→ EXERCISE DESCRIPTION: Each line of the records must appear in your answer exactly, with no pictures.
= Beginning of Section =
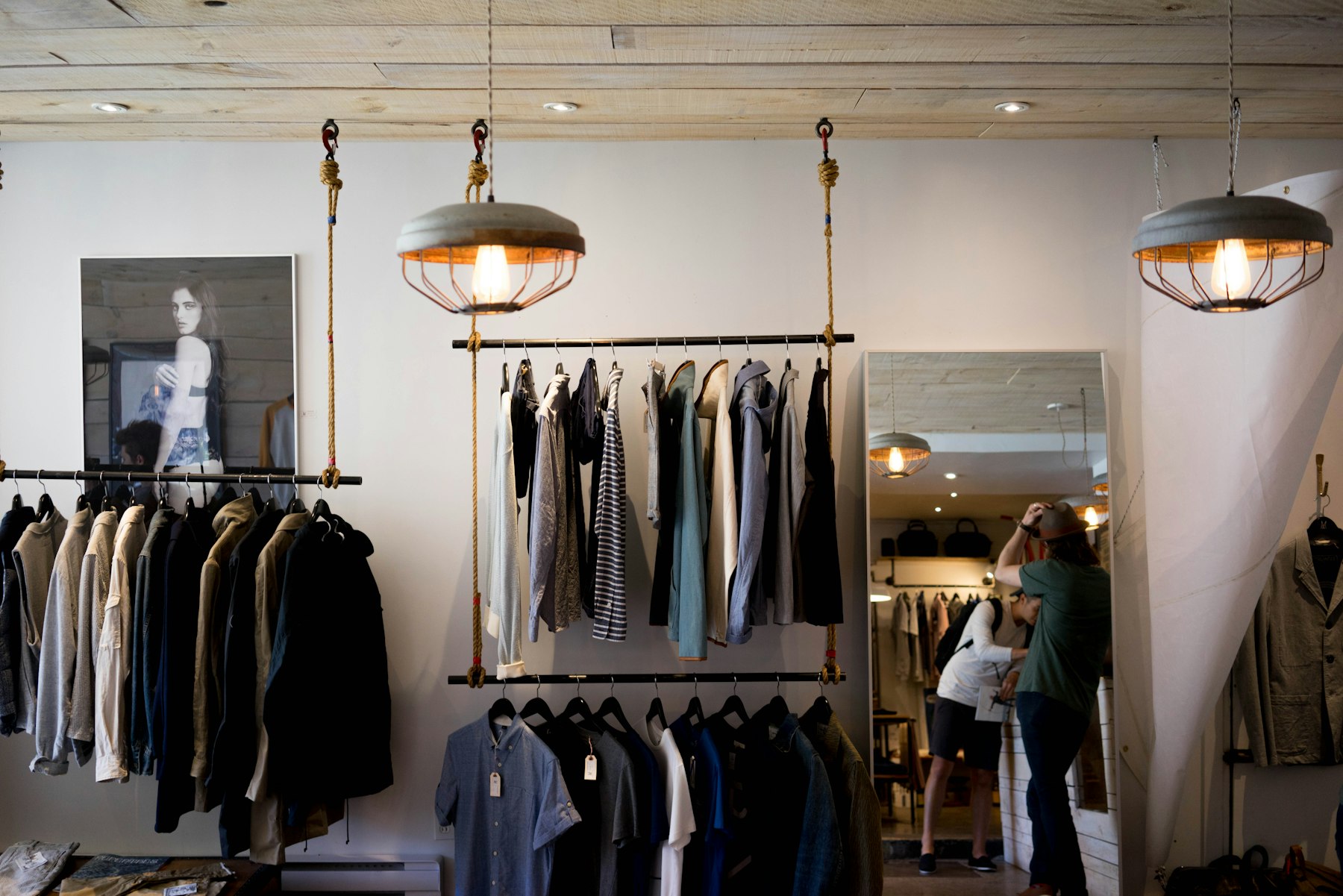 Caged pendant lamps with warm filament bulbs hanging above clothing rails in a boutique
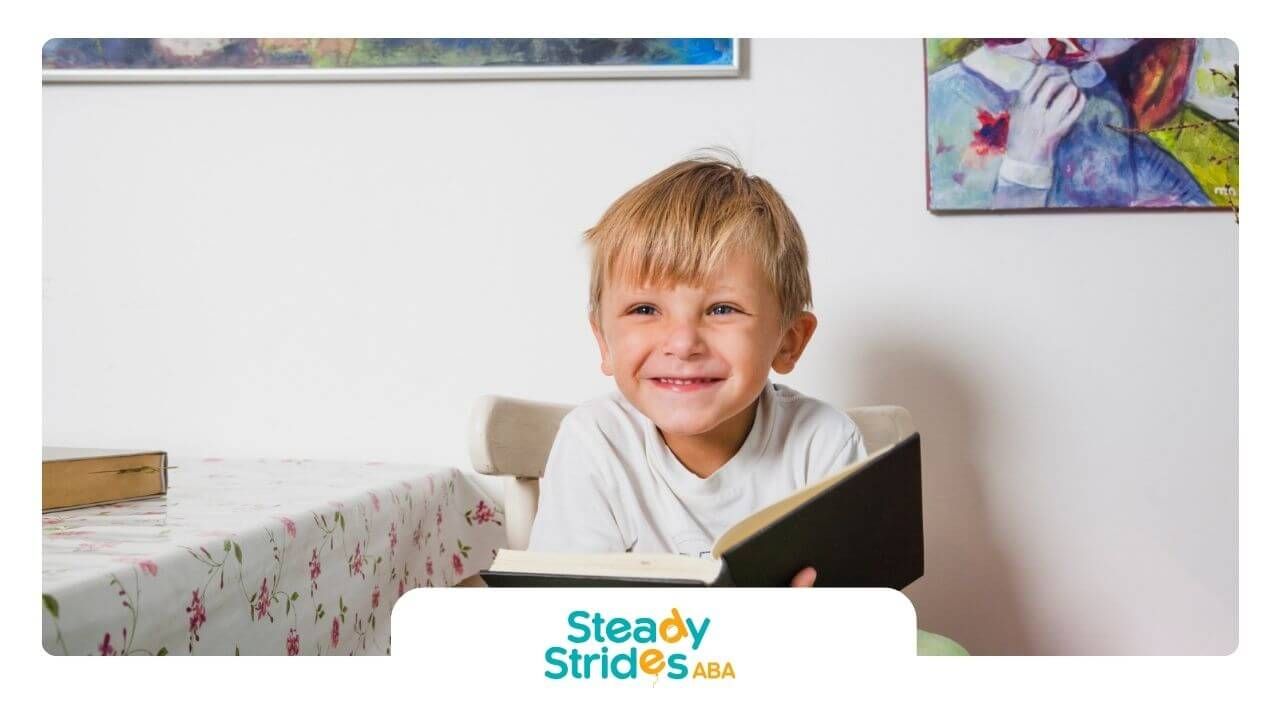 Smiling boy with autism sitting at a table reading a book indoors.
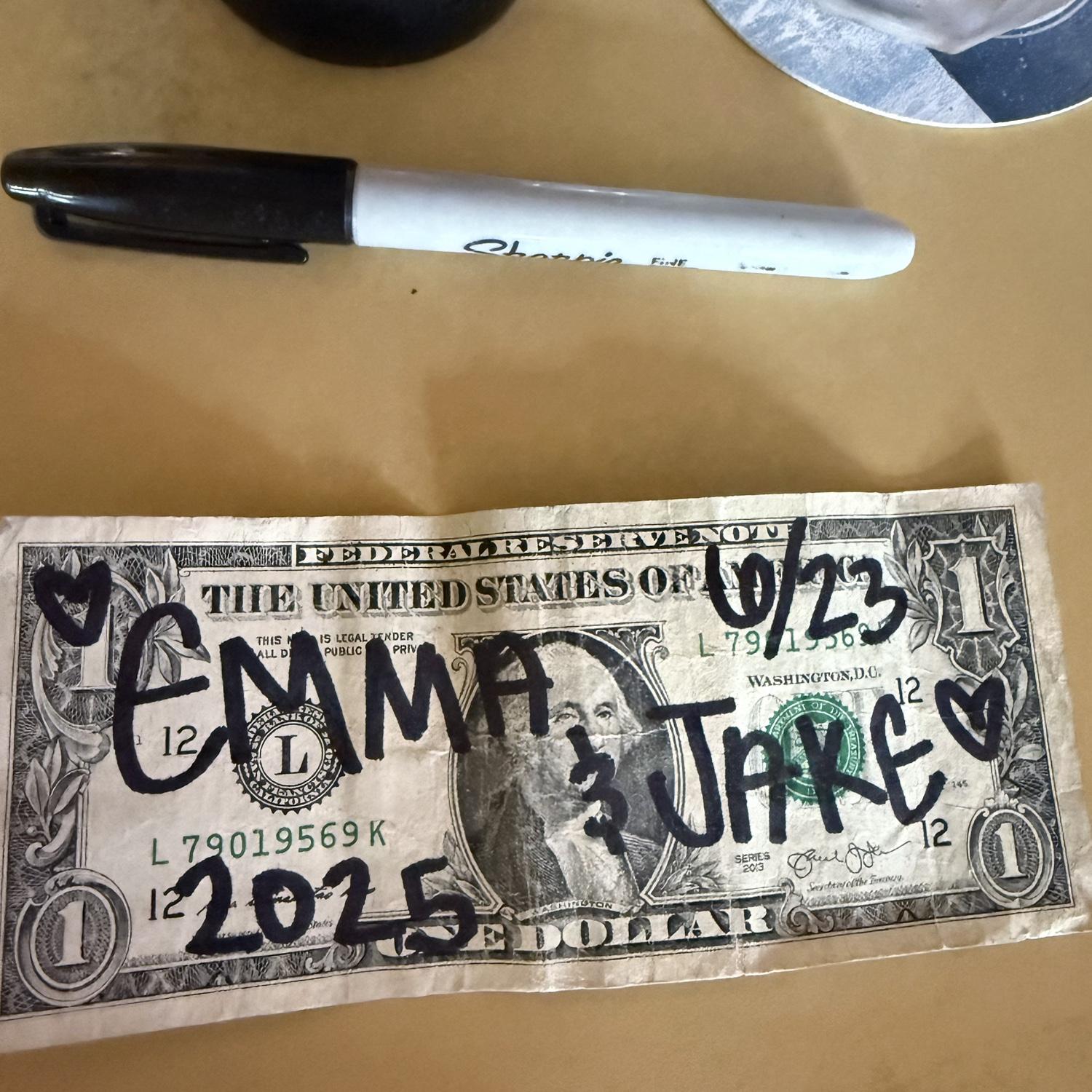 The day we got engaged! A bar we went to in Sandpoint ID that day had dollar bills people wrote on all over the walls. This was the one we made!
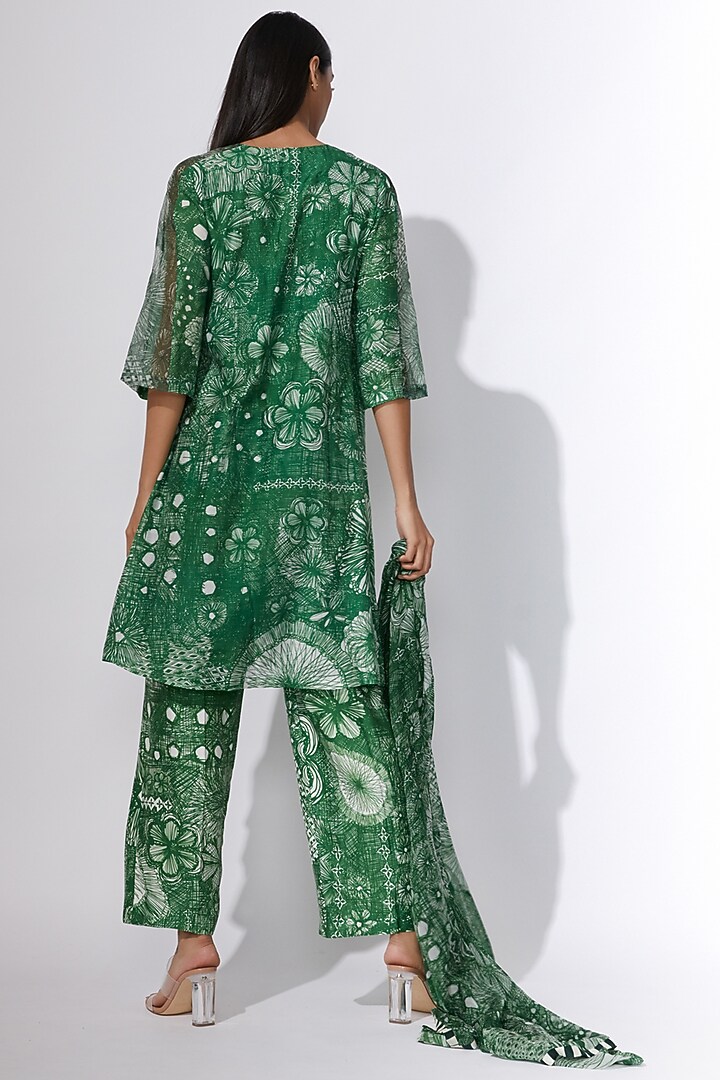 Green Floral Printed Trousers by Saaksha & Kinni at Pernia's Pop Up Shop
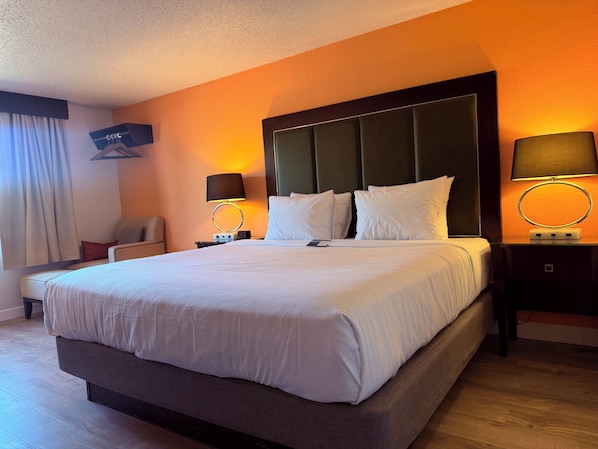 A hotel room with a large bed, two bedside tables, a chair, and a wall-mounted TV.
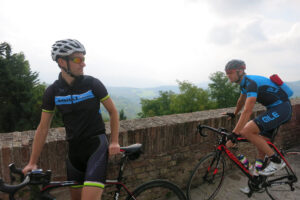 Italy Week Monday – Urbino Mat and Dave by the wall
= End of Section =
→ ANSWER SPACE:
 Caged pendant lamps with warm filament bulbs hanging above clothing rails in a boutique
 Smiling boy with autism sitting at a table reading a book indoors.
 The day we got engaged! A bar we went to in Sandpoint ID that day had dollar bills people wrote on all over the walls. This was the one we made!
 Green Floral Printed Trousers by Saaksha & Kinni at Pernia's Pop Up Shop
 A hotel room with a large bed, two bedside tables, a chair, and a wall-mounted TV.
 Italy Week Monday – Urbino Mat and Dave by the wall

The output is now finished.